◆ GIVEN ENTRIES
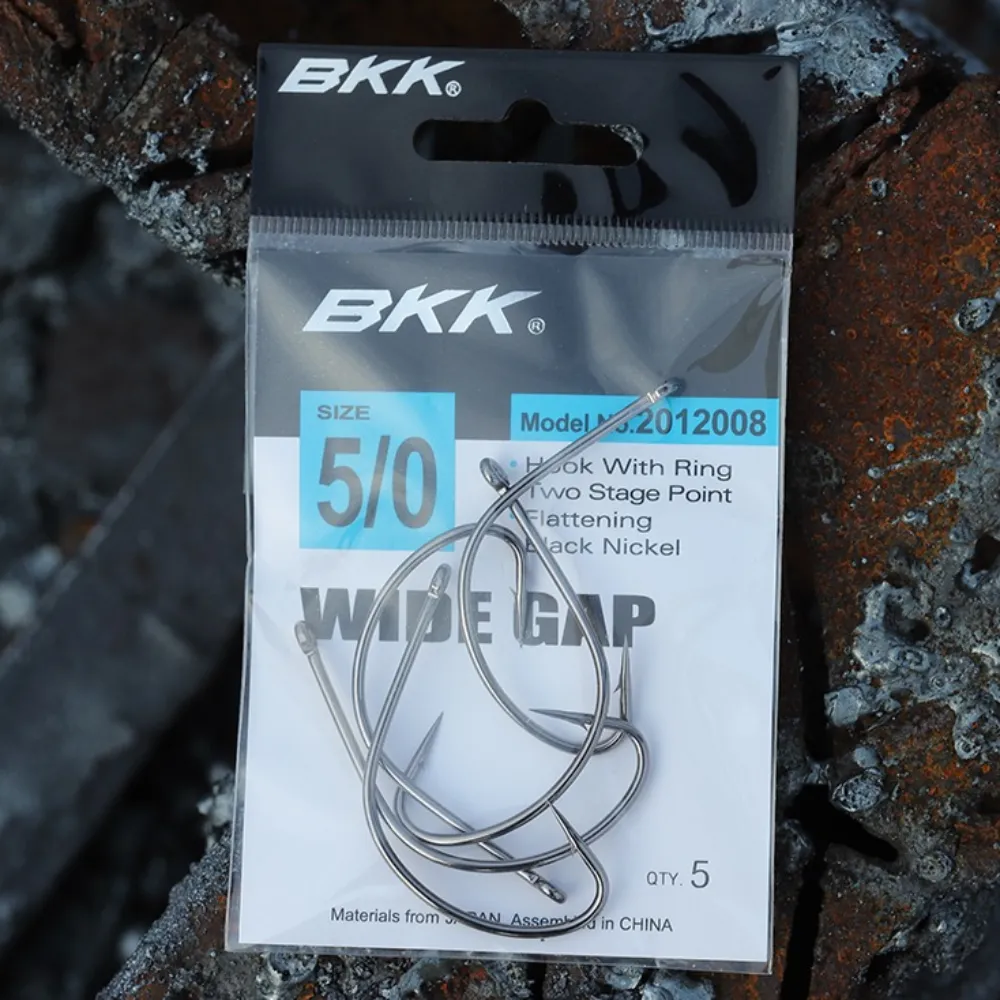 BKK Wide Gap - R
--
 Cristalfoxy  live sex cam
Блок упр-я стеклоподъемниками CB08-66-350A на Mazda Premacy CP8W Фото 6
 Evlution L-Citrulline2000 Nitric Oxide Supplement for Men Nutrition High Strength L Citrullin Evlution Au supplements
* * *
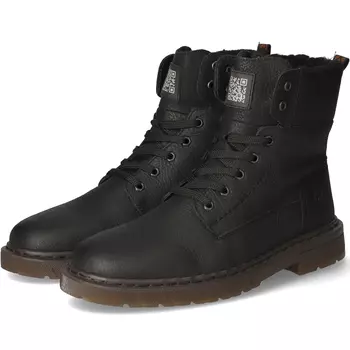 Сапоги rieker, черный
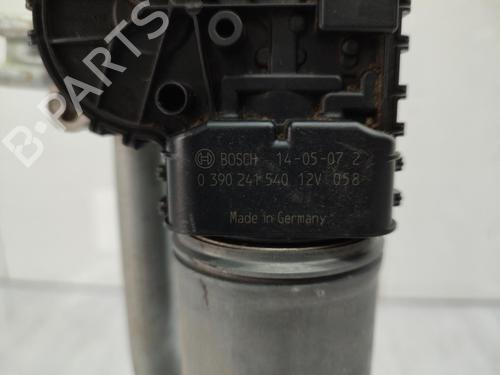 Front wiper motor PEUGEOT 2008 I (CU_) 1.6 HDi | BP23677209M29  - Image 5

◆ WHAT THE TASK REQUIRES
Go back to the lines above and output, exactly as they stand, the ones from the line containing "Сапоги rieker, черный" to the line containing "Front wiper motor". Leave all pictures behind.

◆ OUTPUT OF THE TASK
 Сапоги rieker, черный
 Front wiper motor PEUGEOT 2008 I (CU_) 1.6 HDi | BP23677209M29  - Image 5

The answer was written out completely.